健康から病気への遷移状態を生体指標として識別

 未病という言葉は、現存する中国最古の医学書とされる「黄帝内径」(こうていだいけい)に見られ、未病の時期を捉えて治すことのできる人が医療者として最高人(聖人)であると書かれている。昨今、未病があらためて注目されるようになったのは、超高齢化社会の中で病気の発症や重症化を未然に防ぐ手段の確立が、大きな社会的な価値だからだ。

 実際に、2017年2月に閣議決定された国の「健康・医療戦略」には、健康か病気かという二分論ではなく健康と病気を連続的に捉える「未病」の考え方が重要になるとし、新しいヘルスケア産業が創出されるなどの動きも期待されると記載された。未病研究は国の重要な政策課題の一つと位置付けられたわけだ。

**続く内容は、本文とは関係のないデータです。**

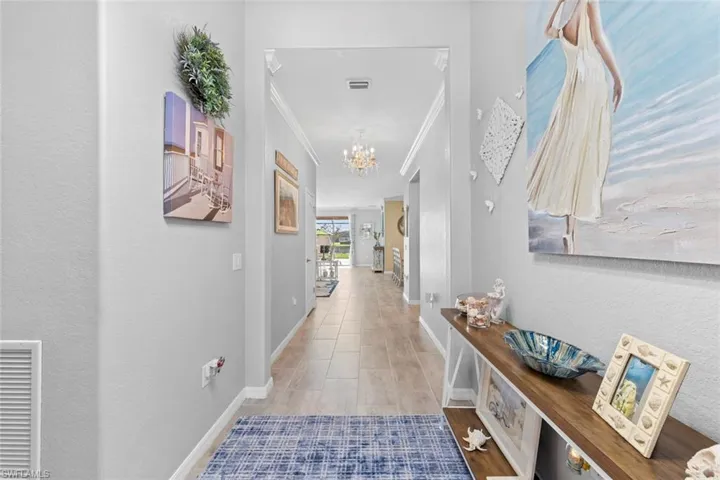 Corridor with light hardwood / wood-style flooring, crown molding, and a chandelier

 特に緩やかな時間変化をたどる生活習慣病などでは、リスクを低減する生活習慣の改善などによる予防とともに、未病状態を医学的に捉えて早期に医療介入することが求められている。富山大などによる研究成果は、健康から病気への遷移状態を生体指標として識別することで、「未病を診断する」手法を確立するものといえる。

メタボ発症前の「揺らぎ」を検出

 生活習慣病の中でもメタボリックシンドロームを題材に未病状態を立証しようとした理由を和漢医薬学総合研究所 准教授の小泉桂一氏は、次のように説明した。「病気の状態へ緩やかに遷移していく生活習慣病を対象に、同時にいくつかのモデルを研究している。メタボリックシンドロームは動脈硬化による心疾患や糖尿病などにつながる重要な医療課題であり、先行して実証するモデルとして一番いいだろうと考えた」。

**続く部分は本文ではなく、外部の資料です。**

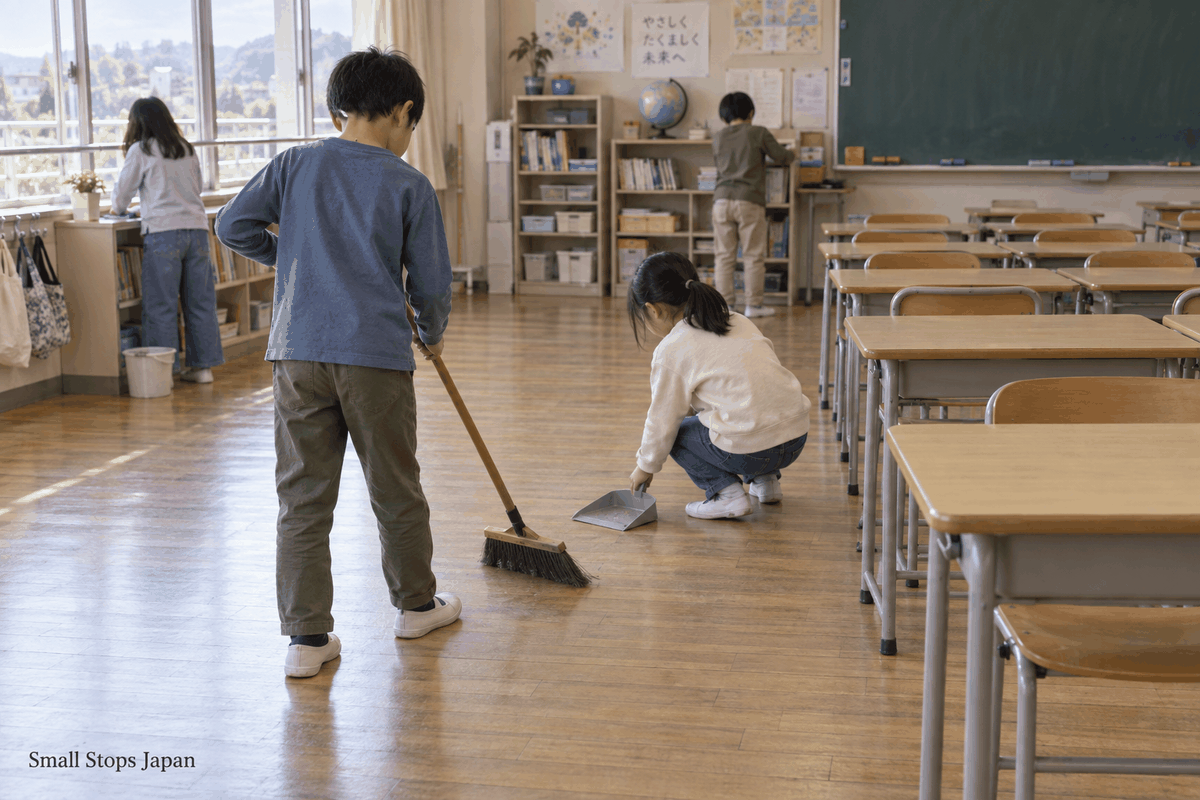Pupils sweep an open classroom floor while individual desks and chairs stand to one side.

 共同研究グループは未病を科学的・定量的に検出するため、生体信号の「揺らぎ」に着目した数学理論を用いた。合原教授らが2012年に発表した「動的ネットワークバイオマーカー(DNB)理論」と呼ばれるもの。生体から得られるさまざまなビッグデータから動的状態の遷移過程を識別する方法である。

 DNB理論では、健康な状態から病気の状態へと遷移する直前で、一部の互いに関連した生体信号の揺らぎが大幅に増加することが数理解析によって予測されているという。「『揺らぎが大幅に増加した時点=未病の状態』と考えることができ、くぼみの底でエネルギーが安定している状態(健康状態)から、くぼみが浅くなり大きく揺らぐようになる」(和漢医薬学総合研究所 特任准教授の奥牧人氏)と説明する。

 この数学理論がヒトなどにも当てはまるのか、医学的な観点から実証したのが今回の研究成果である。具体的には、メタボリックシンドロームを自然発症するマウス(TSOD マウス)を用いた。3週齢から7週齢まで1週間おきに脂肪組織を採取し、数万種類の遺伝子発現量を一度に測定する技術(マイクロアレイ法)で、マウスの遺伝子を網羅的に測定。

 測定結果をDNB理論に基づくデータ解析を行い、測定期間内で揺らぎの増加した時点があるかどうかを調べた。その結果、メタボリックシンドロームを発症する以前の5週齢の時点で遺伝子の発現量の揺らぎが大きく増加していることを捉えた。「5週目の顕著な揺らぎは、147個の遺伝子の発現量で起きていた。(8~10週齢で)メタボリックシンドロームを発症する前の未病をマウスのモデルで捉えられたことが大きな成果だ」(小泉氏)と述べた。

認知症やフレイルなどへも応用

 今回の研究成果を基に、メタボリックシンドロームにおける未病での医療介入に向けた臨床研究を進めていく。「人間のメタボリックシンドロームは数年かかって発症するので、臨床研究・治験の成果を得るには長期的なスパンが必要になる。将来的に薬事承認を取りたいと考えている」(齋藤氏)。

 共同研究グループは、メタボリックシンドローム以外の生活習慣病などに対しても研究を進めており、順次成果を論文化して発表していく予定。緩やかな時間変化をたどるアルツハイマー病などの認知症、サルコペニア、フレイルなどへの応用と先制医療の確立も期待されている。

会見に臨む富山大学 和漢医薬学総合研究所のメンバー

 すでに富山大学から部局横断的に8 部局(医学部、和漢研、附属病院、工学部、薬学部、理学部、都市デザイン学部、人間発達学部)と東京大学 生産技術研究所/ニューロインテリジェンス国際研究機構の合原教授グループが参加する重点研究領域プロジェクトを立ち上げ、未病に対する先制医療戦略の構築が開始されているという。